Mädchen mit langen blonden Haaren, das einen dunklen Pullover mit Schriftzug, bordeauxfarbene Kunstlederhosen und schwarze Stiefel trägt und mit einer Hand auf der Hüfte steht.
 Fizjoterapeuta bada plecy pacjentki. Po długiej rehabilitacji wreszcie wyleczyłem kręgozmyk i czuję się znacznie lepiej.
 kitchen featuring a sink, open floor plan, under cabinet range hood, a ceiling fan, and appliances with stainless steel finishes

+-------+

[Assignment] A complete, exact copy of the material is required.

[Problem solution]
Mädchen mit langen blonden Haaren, das einen dunklen Pullover mit Schriftzug, bordeauxfarbene Kunstlederhosen und schwarze Stiefel trägt und mit einer Hand auf der Hüfte steht.
 Fizjoterapeuta bada plecy pacjentki. Po długiej rehabilitacji wreszcie wyleczyłem kręgozmyk i czuję się znacznie lepiej.
 kitchen featuring a sink, open floor plan, under cabinet range hood, a ceiling fan, and appliances with stainless steel finishes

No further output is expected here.